Loyal, energetic, smart, eager to fight crime. He's also low-maintenance, given all he wants after a drug bust is a good chew on his toy.
Hans-A, a 6-year-old Belgian Malinois, is a dog of few words. His eyes and nose do the talking. As packages stream along a conveyor belt at O'Hare Airport's International Mail Branch facility, he scrambles from one to another, tail wagging and eyes darting.
Within a few minutes of intense sniffing, Hans subsides in the sit position, paws pointing toward a nondescript white package, and looks to his handler, U.S. Customs and Border Protection Canine Unit officer J. Flores.
"So far, he's never failed me," Flores said.
True to form, Hans is spot-on. CBP officer Nicholas Vigare opens the bubble envelope to find a packet of dry spaghetti Bolognese sauce. Inside is a baggie stuffed with MDMA, used to make ecstasy.
Flores is nonplused. "I've seen drugs hidden in food, puzzles, toys and teddy bears," he said.
Of all the foreign mail that comes to the United States, 25% travels through O'Hare. The mail center handles about 114,000 international items daily, with 100,000 coming from China.
Mail is initially screened through X-ray machines, but that doesn't catch all the narcotics in various guises. Instead, the CBP's Chicago Field Office relies on the noses of Hans and five other drug-sniffing dogs comprising Belgian Malinois, German shepherds and Labrador retriever breeds.
The field office, which includes 11 states, has racked up more than 15,000 narcotics seizures this year, CBP public affairs specialist Steven Bansbach said during a recent tour.
Dogs are trained to sniff out marijuana, crystal meth, ecstasy, cocaine, heroin, and hashish. With the growing opioid crisis, fentanyl was added to the list recently.
Many of the packages intercepted at O'Hare originate in China and the Netherlands, officials said, but everything's game to Hans.
At Flores' command, he bounds on and off a conveyor belt in a cavernous sorting warehouse.
Within 30 minutes, he's identified four suspicious packages that officers confirm contain drugs.

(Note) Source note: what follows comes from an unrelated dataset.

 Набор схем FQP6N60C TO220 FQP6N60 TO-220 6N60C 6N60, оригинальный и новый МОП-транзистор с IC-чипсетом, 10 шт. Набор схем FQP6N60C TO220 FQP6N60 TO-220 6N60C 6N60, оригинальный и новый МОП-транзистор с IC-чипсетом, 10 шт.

First, Hans freezes in front of an innocuous envelope holding a blank diary titled "Good Vibes." Pages are ripped out to leave a resting place for a plastic baggie with blue ecstasy pills next to a note saying, "Best wishes from Holland!"

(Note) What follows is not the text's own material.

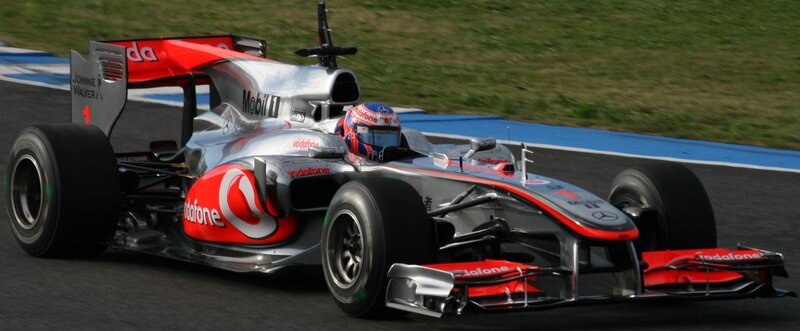 Formula One Car on Track — Silver, Dynamic, Afternoon, Photograph, Racing Driver, Race Car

Hans waits with a big dog grin for Flores to drop a stout rope. Then, it's playtime. The dog leaps for the rope, worries it, and has a tug-of-war with Flores, who murmurs endearments. "We try to make it as fun as possible," he said.
Energized, the reddish-brown and black dog returns to work, quickly singling out a package concealing about 100 pills of ecstasy with an estimated street value ranging from $20 to $30 each.

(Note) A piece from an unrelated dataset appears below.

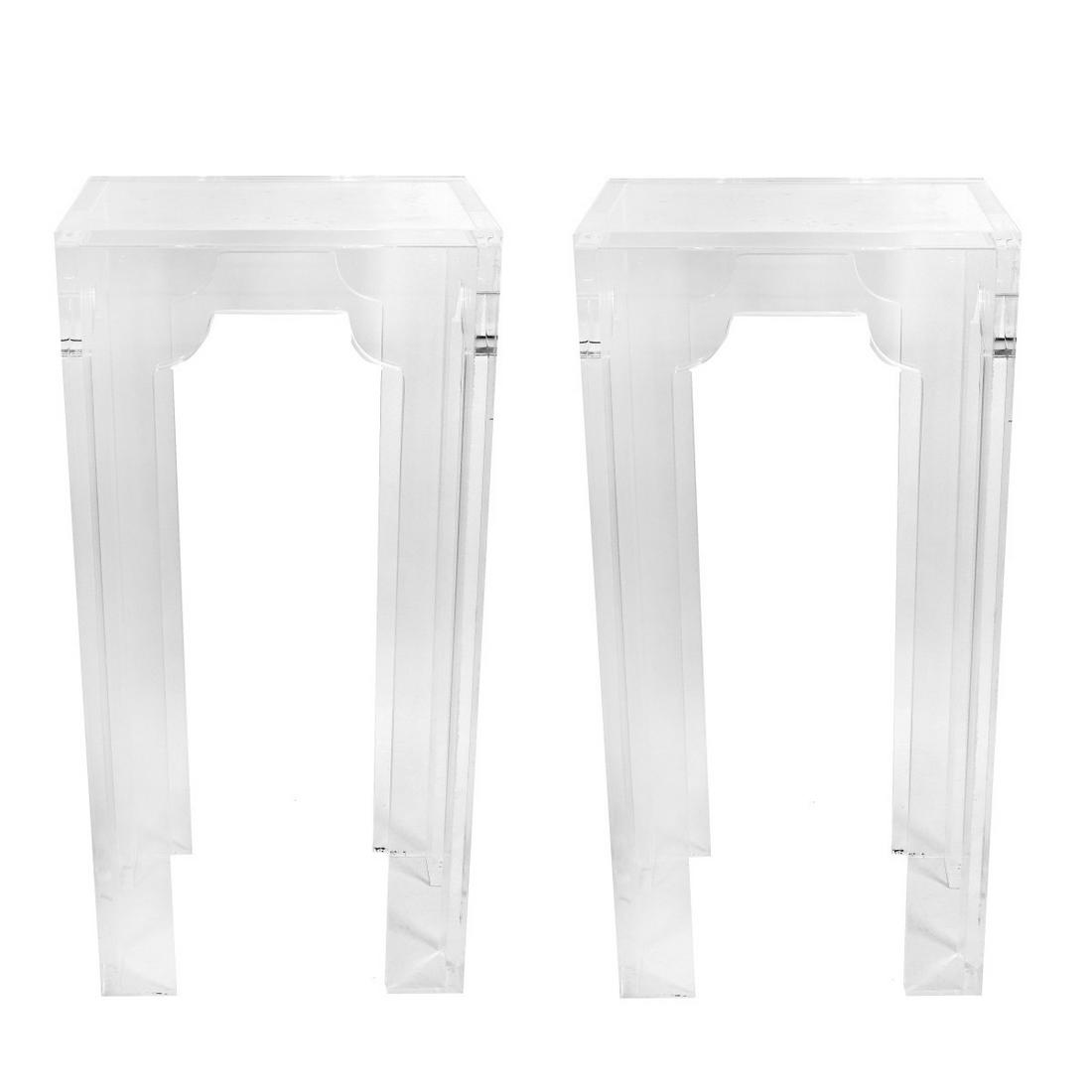 Pair of Lucite Pedestals (1 of 2)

His last catch before a break is a suspicious packet of markers. Vigare pries open the pink, the green, and then -- bingo -- the orange marker that conceals a packet of pills.
Other CBP canine units target firearms, currency and agricultural products. Training occurs before the dogs are paired with their humans and lasts seven weeks.
One intangible that can't be taught is bonding between handlers and dogs.
Hans can't take his eyes off Flores, who lives in the Western suburbs.
"He's very mellow but very protective," Flores said. "He does 98% of my job."
The dogs' break room contains several posters, some dissing cats and one that says "Just sniff it."
Flores calls the job part of a "war that's a forever war. One package at a time. That's our mission. One small package can save one life."